Short web captions
┄┄┄┄┄┄┄┄┄┄

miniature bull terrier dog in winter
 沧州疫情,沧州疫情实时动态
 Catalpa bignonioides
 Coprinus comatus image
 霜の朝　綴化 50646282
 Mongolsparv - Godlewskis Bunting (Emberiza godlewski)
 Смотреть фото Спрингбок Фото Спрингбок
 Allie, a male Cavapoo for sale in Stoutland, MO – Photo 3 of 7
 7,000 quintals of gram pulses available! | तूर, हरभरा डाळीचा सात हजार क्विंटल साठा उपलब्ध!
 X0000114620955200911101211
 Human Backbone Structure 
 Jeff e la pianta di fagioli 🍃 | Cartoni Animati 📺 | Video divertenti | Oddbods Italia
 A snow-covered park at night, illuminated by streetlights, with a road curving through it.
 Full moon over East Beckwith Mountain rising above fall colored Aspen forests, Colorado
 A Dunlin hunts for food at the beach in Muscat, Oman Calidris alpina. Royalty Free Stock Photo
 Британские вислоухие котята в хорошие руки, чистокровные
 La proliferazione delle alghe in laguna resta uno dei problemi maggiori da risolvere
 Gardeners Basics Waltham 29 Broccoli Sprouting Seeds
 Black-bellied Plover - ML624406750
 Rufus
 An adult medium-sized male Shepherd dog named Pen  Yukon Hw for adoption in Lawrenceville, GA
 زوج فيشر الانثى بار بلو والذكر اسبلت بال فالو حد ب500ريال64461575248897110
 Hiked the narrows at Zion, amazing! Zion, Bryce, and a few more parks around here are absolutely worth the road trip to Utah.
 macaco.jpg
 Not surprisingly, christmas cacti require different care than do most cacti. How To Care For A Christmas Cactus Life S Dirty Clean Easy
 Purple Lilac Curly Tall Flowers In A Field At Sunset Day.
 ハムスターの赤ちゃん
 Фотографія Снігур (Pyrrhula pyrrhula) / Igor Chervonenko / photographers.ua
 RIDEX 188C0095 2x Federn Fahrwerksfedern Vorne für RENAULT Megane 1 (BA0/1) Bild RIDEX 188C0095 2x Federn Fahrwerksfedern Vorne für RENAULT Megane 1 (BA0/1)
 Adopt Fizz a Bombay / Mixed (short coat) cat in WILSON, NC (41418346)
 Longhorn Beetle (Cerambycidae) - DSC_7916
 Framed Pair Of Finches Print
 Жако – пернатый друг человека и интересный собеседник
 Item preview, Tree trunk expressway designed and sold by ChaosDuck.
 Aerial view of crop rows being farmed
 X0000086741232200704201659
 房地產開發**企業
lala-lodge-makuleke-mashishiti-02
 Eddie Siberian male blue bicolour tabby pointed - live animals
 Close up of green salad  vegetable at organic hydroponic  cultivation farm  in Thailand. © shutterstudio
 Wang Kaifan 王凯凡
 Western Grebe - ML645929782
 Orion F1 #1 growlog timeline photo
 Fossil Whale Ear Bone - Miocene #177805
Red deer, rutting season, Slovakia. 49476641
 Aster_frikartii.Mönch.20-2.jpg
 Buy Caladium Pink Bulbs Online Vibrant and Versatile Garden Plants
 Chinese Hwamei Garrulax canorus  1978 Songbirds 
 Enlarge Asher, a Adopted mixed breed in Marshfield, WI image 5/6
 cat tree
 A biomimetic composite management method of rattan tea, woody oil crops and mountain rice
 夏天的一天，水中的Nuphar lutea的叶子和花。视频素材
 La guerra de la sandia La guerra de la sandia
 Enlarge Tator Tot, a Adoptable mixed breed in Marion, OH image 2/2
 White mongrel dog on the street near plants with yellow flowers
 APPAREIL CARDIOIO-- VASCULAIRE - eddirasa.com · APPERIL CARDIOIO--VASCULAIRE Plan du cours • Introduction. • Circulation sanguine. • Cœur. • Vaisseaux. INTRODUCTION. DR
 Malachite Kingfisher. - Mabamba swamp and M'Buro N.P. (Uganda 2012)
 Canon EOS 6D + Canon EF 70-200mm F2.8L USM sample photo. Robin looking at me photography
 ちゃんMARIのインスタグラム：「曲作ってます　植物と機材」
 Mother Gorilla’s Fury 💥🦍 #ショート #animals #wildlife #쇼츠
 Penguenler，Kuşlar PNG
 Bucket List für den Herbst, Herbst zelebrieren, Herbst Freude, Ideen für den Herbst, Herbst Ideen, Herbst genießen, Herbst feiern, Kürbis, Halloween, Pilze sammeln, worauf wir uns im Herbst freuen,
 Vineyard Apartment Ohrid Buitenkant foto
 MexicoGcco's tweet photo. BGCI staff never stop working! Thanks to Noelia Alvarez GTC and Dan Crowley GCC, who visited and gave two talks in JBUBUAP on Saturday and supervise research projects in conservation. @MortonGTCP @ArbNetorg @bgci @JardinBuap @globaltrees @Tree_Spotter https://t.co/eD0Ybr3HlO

┄┄┄┄┄┄┄┄┄┄

> [WORK TO BE COMPLETED]: Whenever the string "male" shows up in a line above, copy that line.

> [THE COMPLETED TASK]:
 Allie, a male Cavapoo for sale in Stoutland, MO – Photo 3 of 7
 An adult medium-sized male Shepherd dog named Pen  Yukon Hw for adoption in Lawrenceville, GA
 Eddie Siberian male blue bicolour tabby pointed - live animals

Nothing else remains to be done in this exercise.